§ Work instructions:
Look below for the line with "Lilly Pulitzer cotton"; begin the copy there and stop after the line with "Working chic trendy dress", keeping the text exact and the pictures out.

§ Records to process:

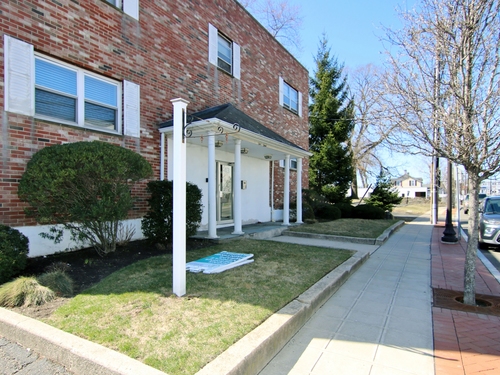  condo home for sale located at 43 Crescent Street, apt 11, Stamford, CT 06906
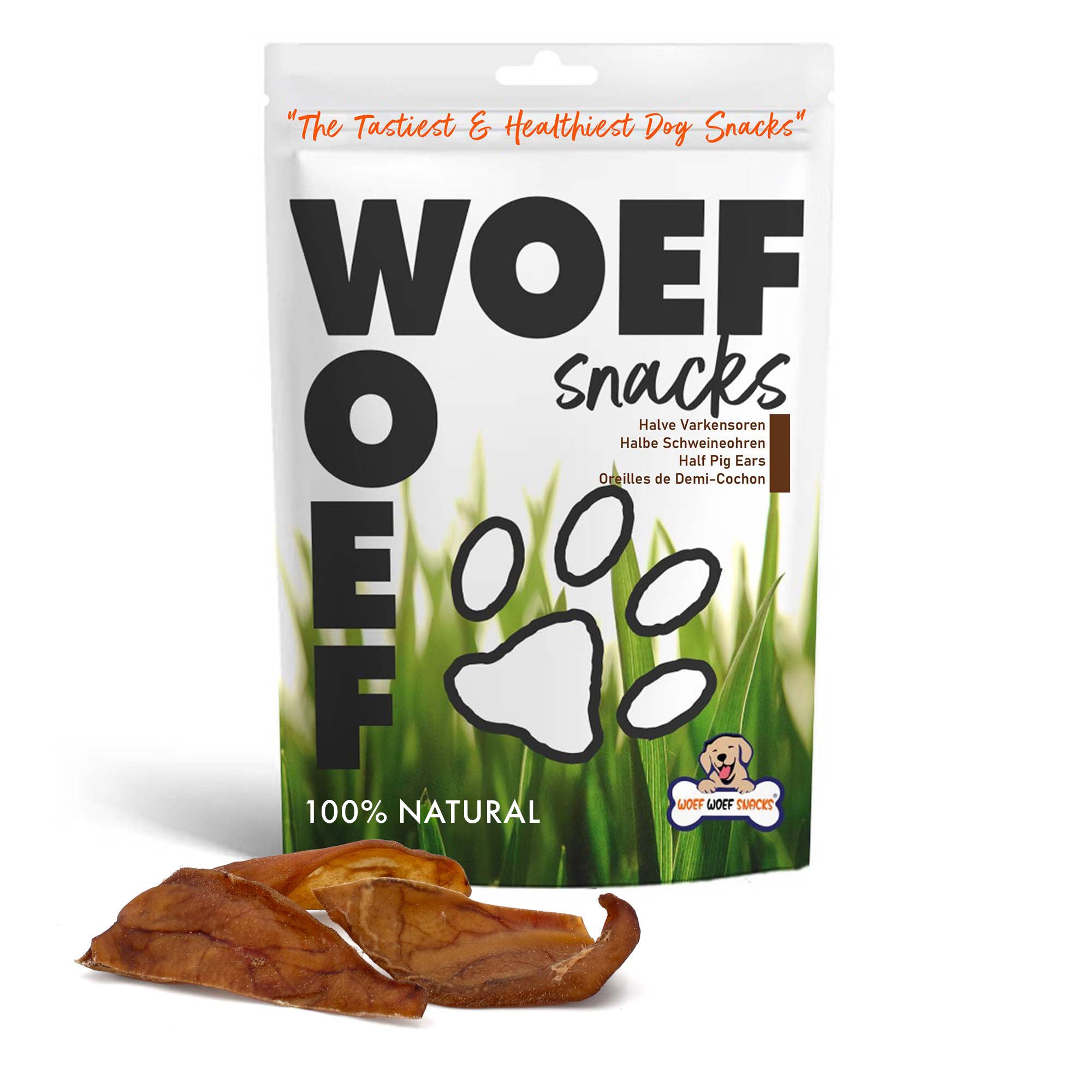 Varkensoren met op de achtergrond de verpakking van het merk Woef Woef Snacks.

---

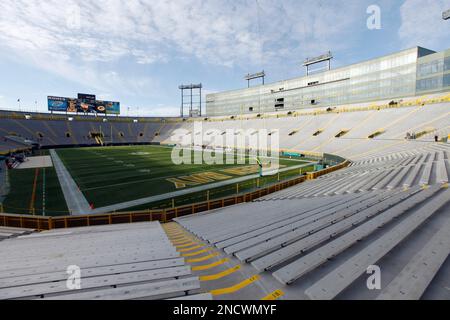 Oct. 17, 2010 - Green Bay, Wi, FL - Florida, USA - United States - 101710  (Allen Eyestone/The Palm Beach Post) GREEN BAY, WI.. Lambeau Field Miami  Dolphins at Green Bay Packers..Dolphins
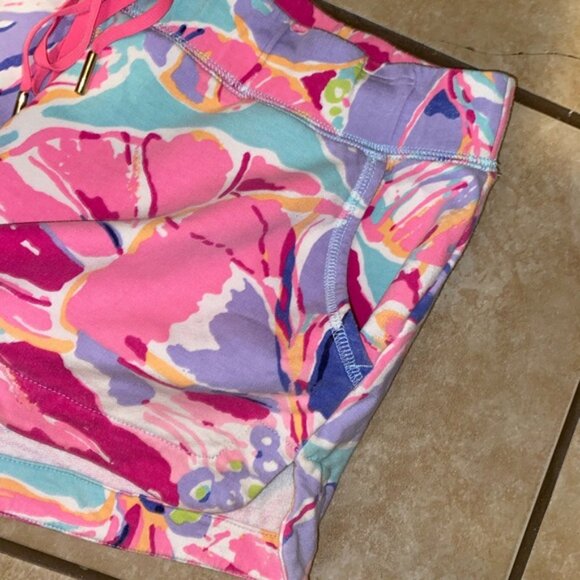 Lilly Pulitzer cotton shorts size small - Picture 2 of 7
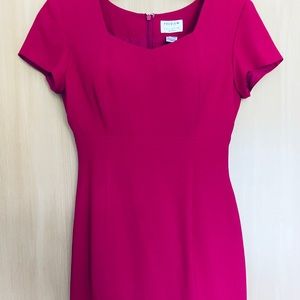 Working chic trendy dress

§ Output below:
 Lilly Pulitzer cotton shorts size small - Picture 2 of 7
 Working chic trendy dress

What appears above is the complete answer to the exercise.